ACC has been known as a histologically distinctive neoplasm for nearly 150 years. It is among the most common carcinomas of the salivary glands (4) but also may arise in other exocrine glands, such as in the breast, and in the cervix, vulva, and tracheobronchial tree (5). ACC usually is an aggressive, although slowly growing, cancer with a long-term poor prognosis. Most patients (80–90%) with ACC of the head and neck die within 10–15 years after diagnosis. However, despite extensive studies, the molecular pathogenesis of this carcinoma is poorly understood. Here we show that the t(6;9)(q22–23;p23–24) translocation in ACC consistently results in a fusion of the MYB oncogene to the transcription factor gene NFIB. The fact that all ACCs analyzed expressed the MYB-fusion, irrespective of whether they were derived from the salivary glands, lacrimal glands, ceruminal glands, or breast, indicates that the MYB-NFIB fusion is a hallmark of this tumor type.

Results and Discussion

We performed cytogenetic and spectral karyotype analyses of primary and metastatic ACCs of the head and neck and identified a t(6;9) translocation in 6 of 6 cases (Fig. 1A and Table 1).
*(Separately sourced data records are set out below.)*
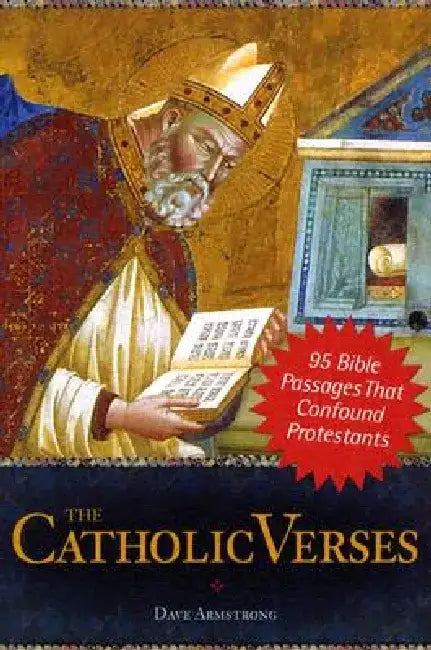 The Catholic Verses: 95 Bible Passages That Confound Protestants by Dave Armstrong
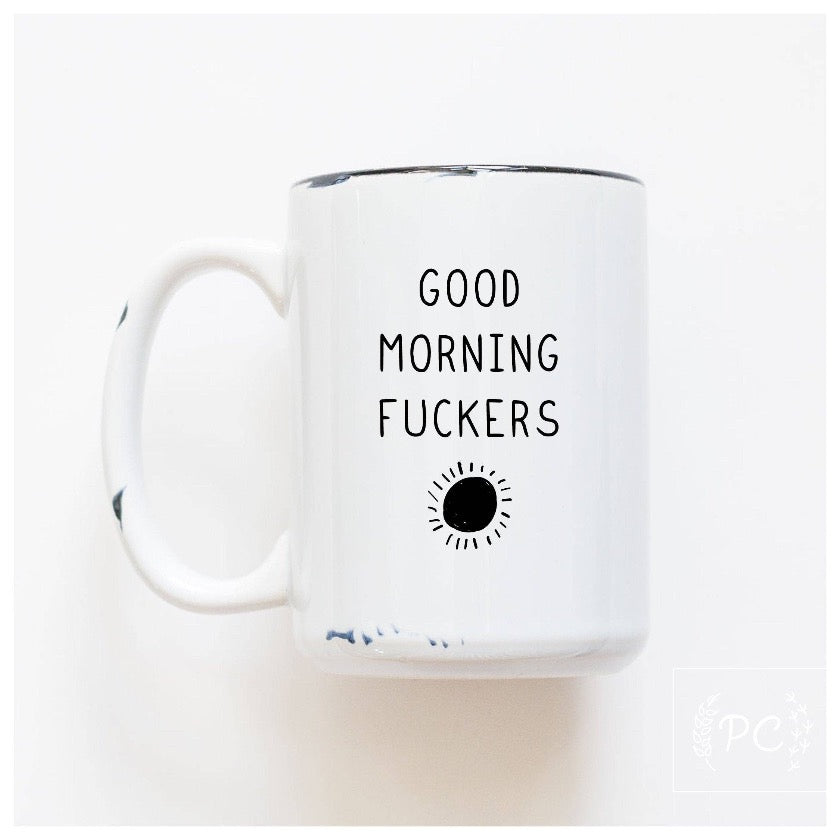 Good morning fuckers Coffee Mug
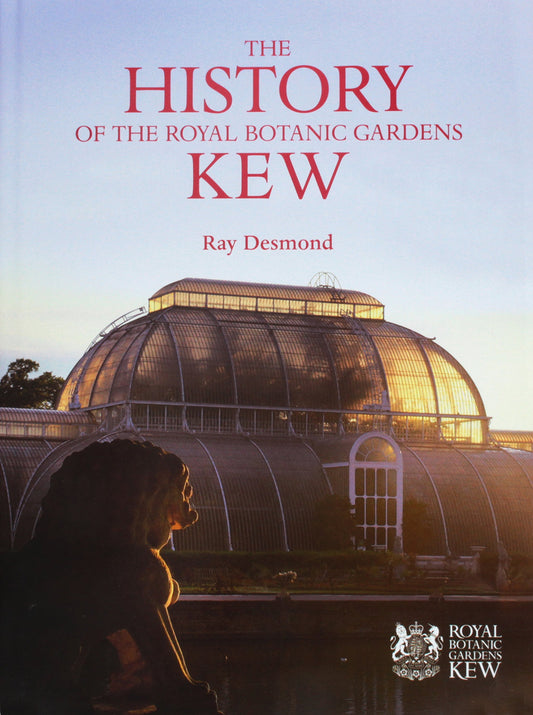 The History of the Royal Botanic Gardens Kew [Hardcover] Desmond, Ray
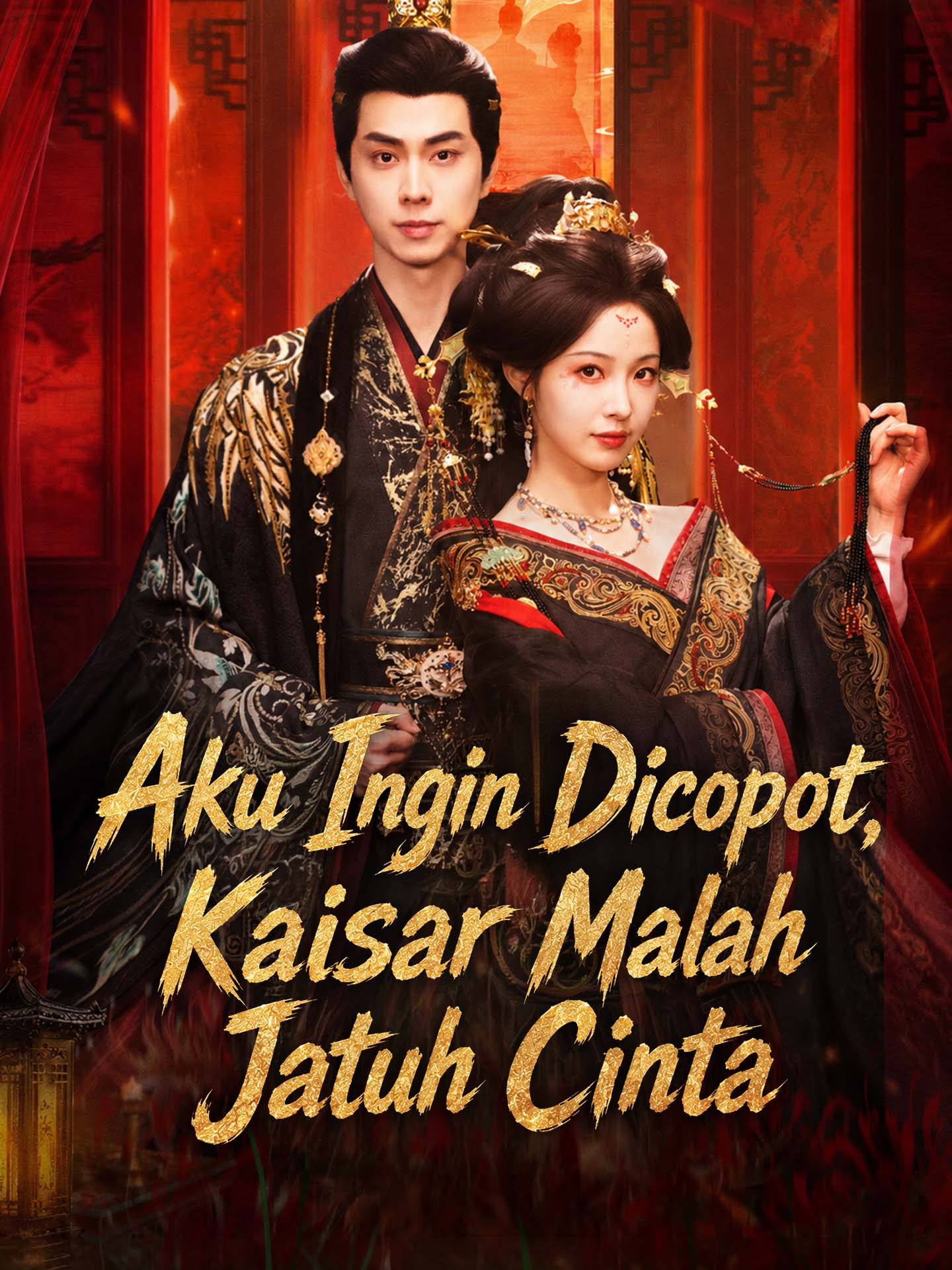 Poster Aku Ingin Dicopot, Kaisar Malah Jatuh Cinta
Using FISH and a panel of yeast artificial chromosome (YAC) clones derived from 9p23–24 (6), we found that YAC-912E9 spanned the 9p23–24 breakpoint in an ACC with a t(6;9). This YAC contains NFIB, a member of the human nuclear factor I (NFI) gene family of transcription factors, as the only named gene (6). NFI proteins contain DNA binding and dimerization domains in their N-termini and proline-rich, transactivation domains in their C-termini (7). Interestingly, we previously have identified NFIB as a recurrent fusion partner to HMGA2 in benign pleomorphic salivary gland adenomas with t(9;12) translocations (6, 8).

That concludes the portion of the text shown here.